Our study has several strengths and limitations. It is the first large cohort study of automated area-based measures of mammographic density and breast cancer risk and information was available on important risk factors. Given the cohort design and duration of follow-up, we were able to examine associations between density and breast cancer risk in both the near-term (< 2 years) and long-term (5–10 years) periods after the baseline screening mammogram. The associations of LIBRA measures and breast cancer risk were examined by breast view (MLO and CC) and by machine type (Hologic and GE).

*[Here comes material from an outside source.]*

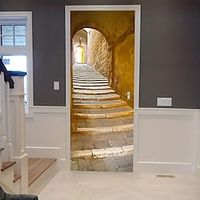 Stone Road Upperstairs Door Covers Mural Decor Door Tapestry Door Curtain Decoration Backdrop Door Banner Removable for Front Door Indoor Outdoor Home Room Decoration Farmhouse Decor Supplies miniinthebox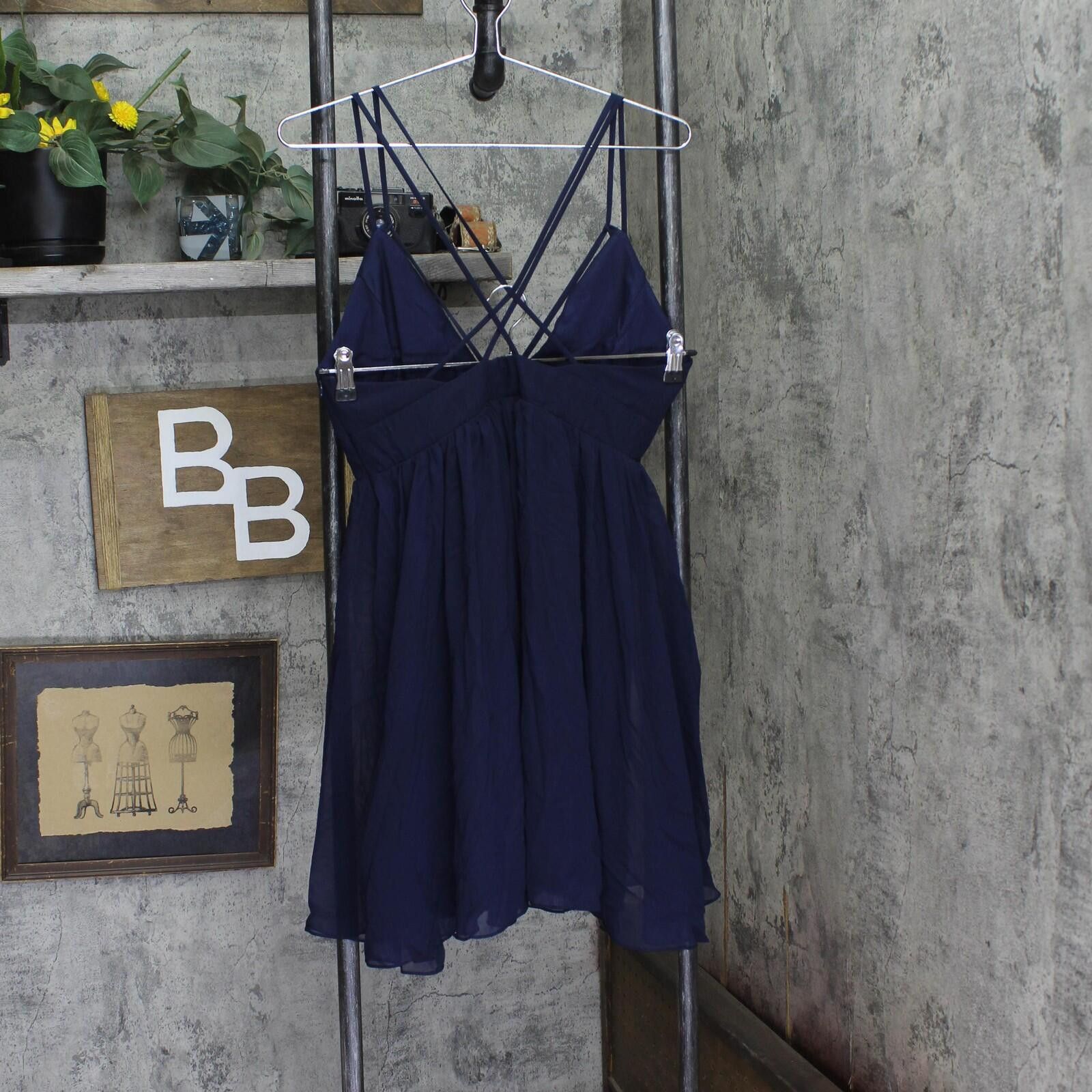J75 By Jump Jump Shirred Short Dress With Deep V Neck 48452 Navy Blue 9 Size M / US 6-8 / IT 42-44 - 2 Thumbnail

Cumulus measures were performed by a single radiological technologist and were shown to be strongly associated with breast cancer risk [8]. However, we only had Cumulus measures on the CC view for comparison, although the CC view is the most commonly selected view for Cumulus studies. Given resource constraints, it was infeasible to visually review all images for this study. Instead, we applied a set of quality control criteria that could be automatically implemented to filter out images likely to be incorrectly segmented. Manual review of some of these flagged images, indicated that a small number of correctly segmented images likely were excluded, while some incorrectly segmented images were missed. This quality control process resulted in a slightly higher exclusion percent (5%) than in our Cumulus study (3%) for which all images were visually assessed. Another limitation is that the cohort includes only non-Hispanic white women because it is ancillary to a genome-wide association study [19]. In addition, we did not have raw FFDM images, which are not routinely archived, and could not compare results for raw vs processed images. However, processed FFDM images are more widely available in the clinical setting for use in large-scale studies, and results from studies by Busana et al. [11] and Gastounioti et al. [9] suggest that associations of LIBRA measures with breast cancer risk are stronger on processed than raw images. LIBRA measures on standard two-dimensional FFDM images have been found to be highly correlated with LIBRA measures on synthetic mammograms from digital breast tomosynthesis (DBT) [22], which is increasingly being used in breast cancer screening. However, DBT images were not available for the present study, and future studies will be needed to determine whether density measures on synthetic mammograms are associated with breast cancer risk.

Conclusions

Our findings, together with the results from other studies, provide substantial support for the use of the fully automated and publicly available density measurement tool, LIBRA, for large-scale studies of mammographic density using processed FFDM images from either Hologic or GE machines. Moreover, LIBRA and Cumulus density measurements were significantly associated with both near- and long-term breast cancer risk and the magnitude of the associations did not attenuate over the 10-year follow-up period. LIBRA allowed us to generate density measures in a fraction of the time and cost needed for a trained reader to measure density using Cumulus. By providing reliable and robust density measures, LIBRA will enable future large longitudinal studies to address multiple questions related to the determinants of mammographic density and its relationship to breast cancer risk, and how these relationships may vary over time.